Hopping outside the Bubble today for a look at the recent Kennedy Center Honors presentation. The general response on social media could be reduced to one word: Aretha. What an amazing performance. What a brilliant performer. We marveled along with Carole King, perhaps shed a tear like President Obama.
In the glow of that performance, viewers took to the Internet to express their appreciation. When I read this one I was stopped in my tracks:
Carole King may have written than song but it belongs to Aretha.
Okay, let's wait a minute. Aretha did a masterful job, no argument there. But the whole point was to honor the composer. We're going off the rails here if we forget that Carole King was the honoree and that songwriting is the gift we were celebrating. This doesn't diminish what the singer does in any way. Both composer and performer have amazing gifts; each shares with the other. Each is enhanced by the other.
But without the composer the singer would have nothing to sing.
Let's back up a bit to look at the entire evening. Many, many talented people were involved to create the show we saw on television. In particular, a core group of people designed the overall shape of the show. They decided the order of the honorees, how each one would be honored, who would speak, who would perform. I remember thinking during the conclusion of the George Lucas segment that it was rather unfair to unleash all those special effects since no one else could possibly compare to that.
And yet it all worked. The theme and scope of the presentation of each honoree flowed from one to the next. By the time Aretha dropped that mink coat on the floor she had the audience in the palm of her hand and no one was thinking about laser light shows.

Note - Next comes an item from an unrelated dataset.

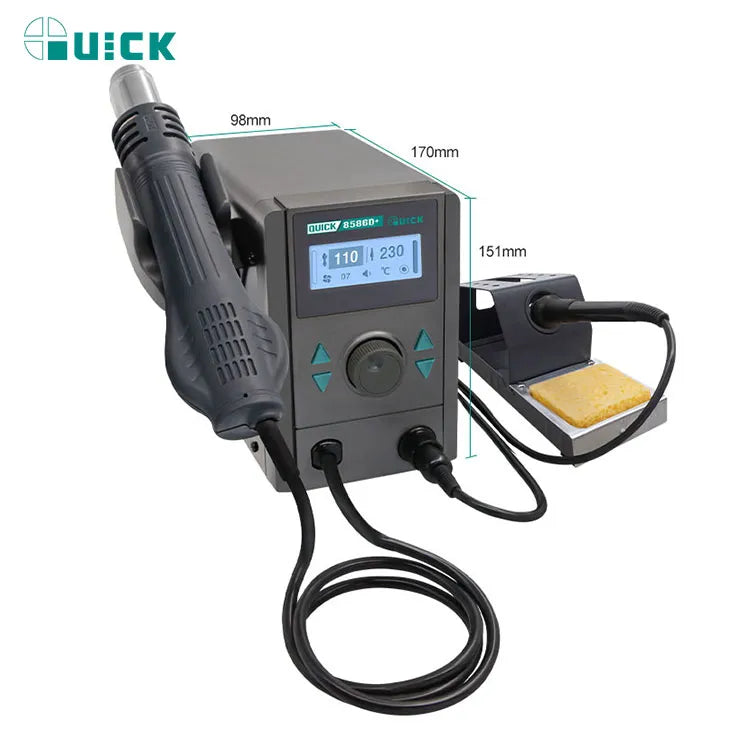 Quick airchaud 2 en 1 8586D+ - Hexa Power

None of this happened by chance. Imagine the entire show as an enormous, impressive wedding cake. Envision Aretha's performance as an exquisite ornament atop the cake, something so beautiful that you gasp. It makes you say you've never seen a cake like that, not ever. But that decoration wouldn't be there to impress you without all the layers underneath supporting it. And most of all, no one would even have baked the cake unless someone was getting married.
Aretha did everything she was supposed to do. She exceeded expectations, if that's possible. (Who puts a limit on Aretha?) But there are so many choices and decisions, so much hard work and talent and vision that led to her being there at that particular moment to share what she does best. Let's not forget how beautifully interdependent the performing arts are meant to be.
The entire evening was exciting, moving, and inspiring. Each one of us will take from it our own unique experience. And that's as it should be.